▸ **Raw data**:
============

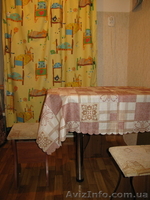 Сдам квартиру посуточно Львов - <ro>Изображение</ro><ru>Изображение</ru> #1, <ru>Объявление</ru> #1008867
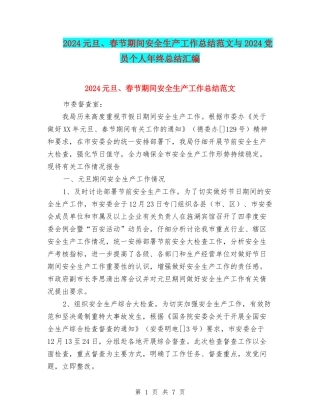 2024元旦、春节期间安全生产工作总结范文与2024党员个人年终总结汇编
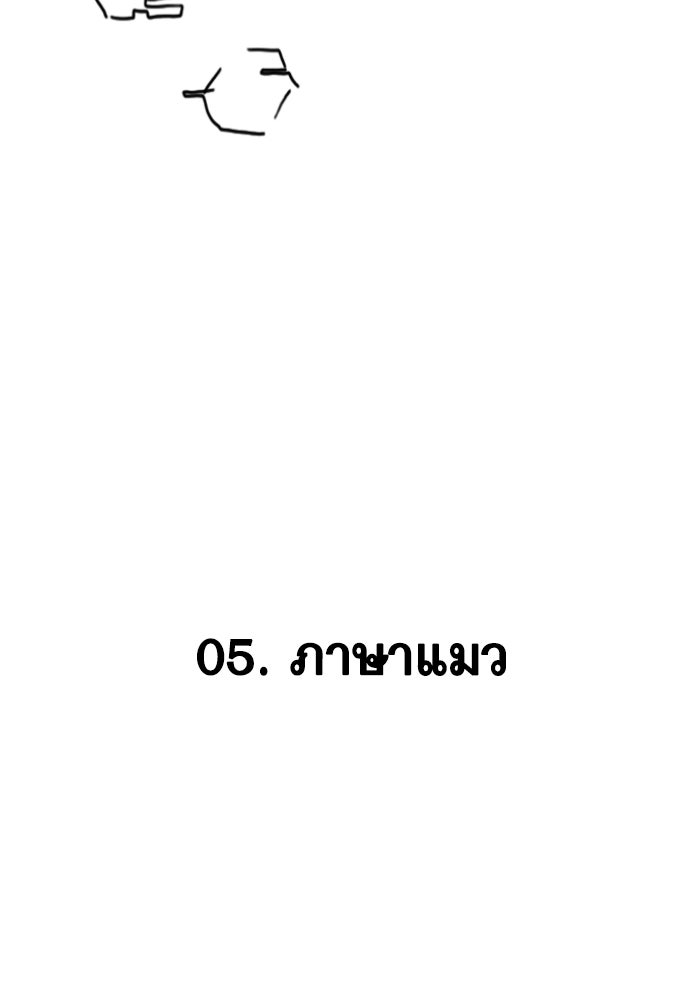 Reality Quest - หน้า 2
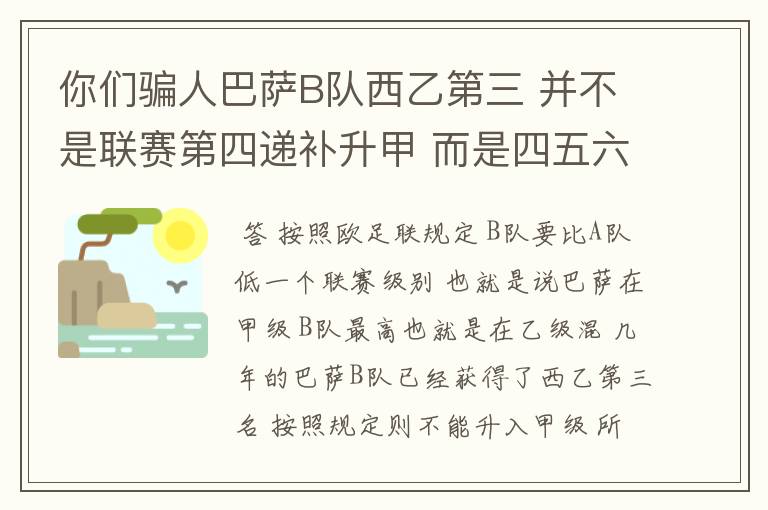 你们骗人巴萨B队西乙第三 并不是联赛第四递补升甲 而是四五六七打附加赛了 只有今年这样麼？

============

▸ **About this task**: Could you copy exactly, and with no pictures, the lines above from the one containing "Reality Quest - หน้า 2" through the last line, both included?

▸ **Exercise answer**:
 Reality Quest - หน้า 2
 你们骗人巴萨B队西乙第三 并不是联赛第四递补升甲 而是四五六七打附加赛了 只有今年这样麼？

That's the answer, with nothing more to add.